→ **Exercise objective**: Copy out, unchanged, the entries below from the "image for item" line to the final line. Omit pictures.

→ **Records for this task**:
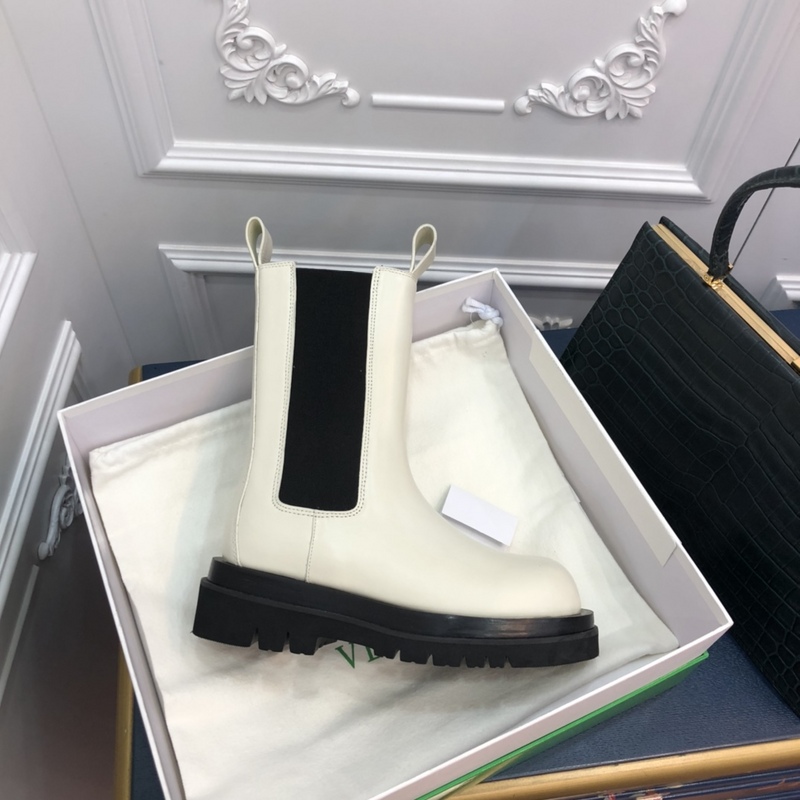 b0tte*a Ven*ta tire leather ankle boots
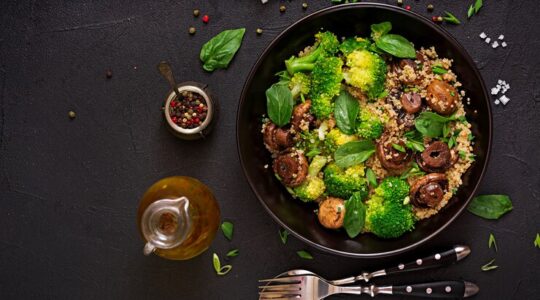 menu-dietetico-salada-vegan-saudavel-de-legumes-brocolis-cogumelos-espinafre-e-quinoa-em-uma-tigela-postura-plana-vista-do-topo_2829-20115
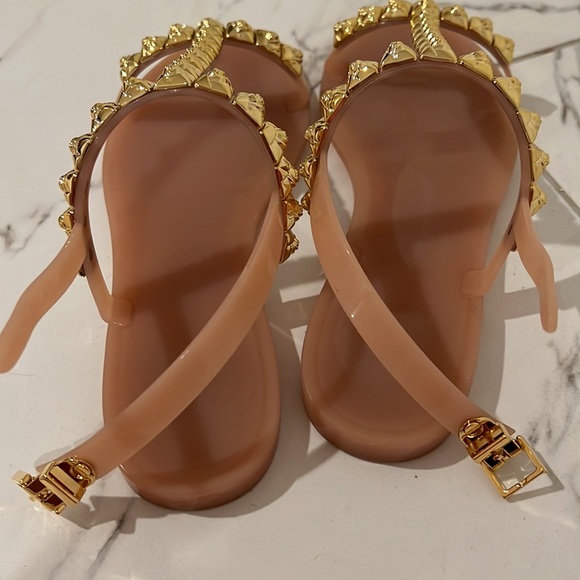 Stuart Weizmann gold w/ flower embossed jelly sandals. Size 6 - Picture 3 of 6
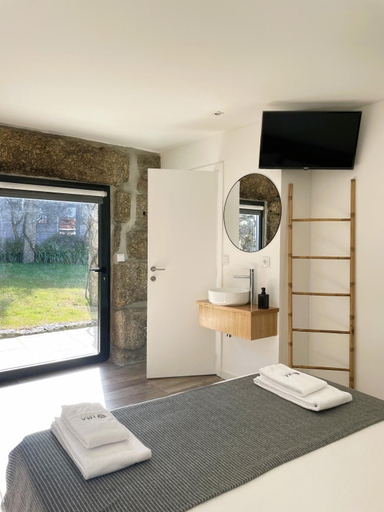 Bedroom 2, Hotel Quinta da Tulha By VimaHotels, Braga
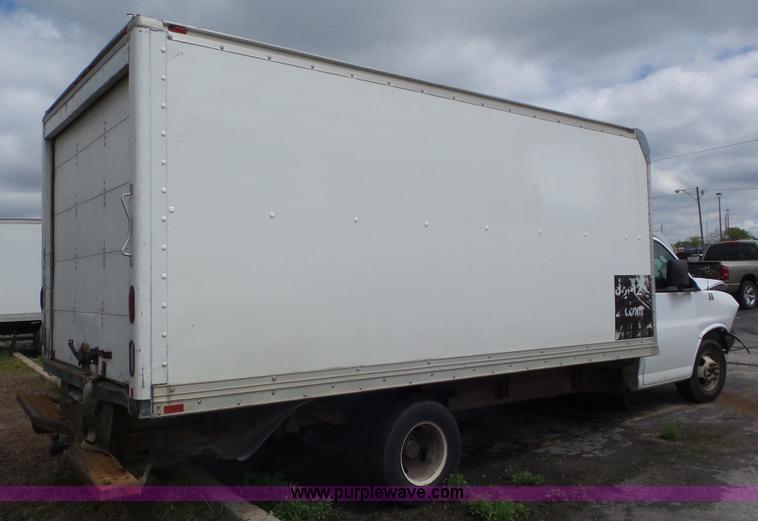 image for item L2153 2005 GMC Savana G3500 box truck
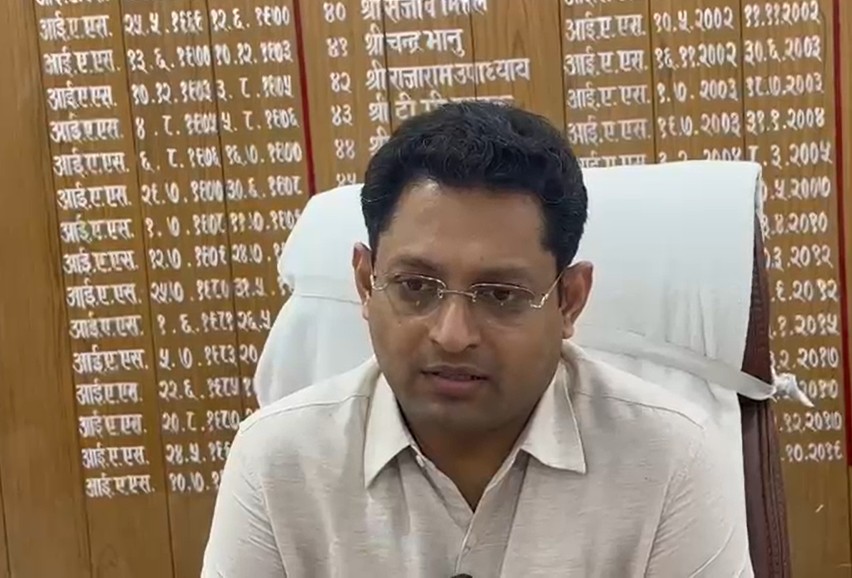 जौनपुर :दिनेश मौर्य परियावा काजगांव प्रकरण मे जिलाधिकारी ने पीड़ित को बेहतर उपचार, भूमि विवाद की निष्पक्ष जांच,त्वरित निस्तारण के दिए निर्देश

→ **Answer section**:
 image for item L2153 2005 GMC Savana G3500 box truck
 जौनपुर :दिनेश मौर्य परियावा काजगांव प्रकरण मे जिलाधिकारी ने पीड़ित को बेहतर उपचार, भूमि विवाद की निष्पक्ष जांच,त्वरित निस्तारण के दिए निर्देश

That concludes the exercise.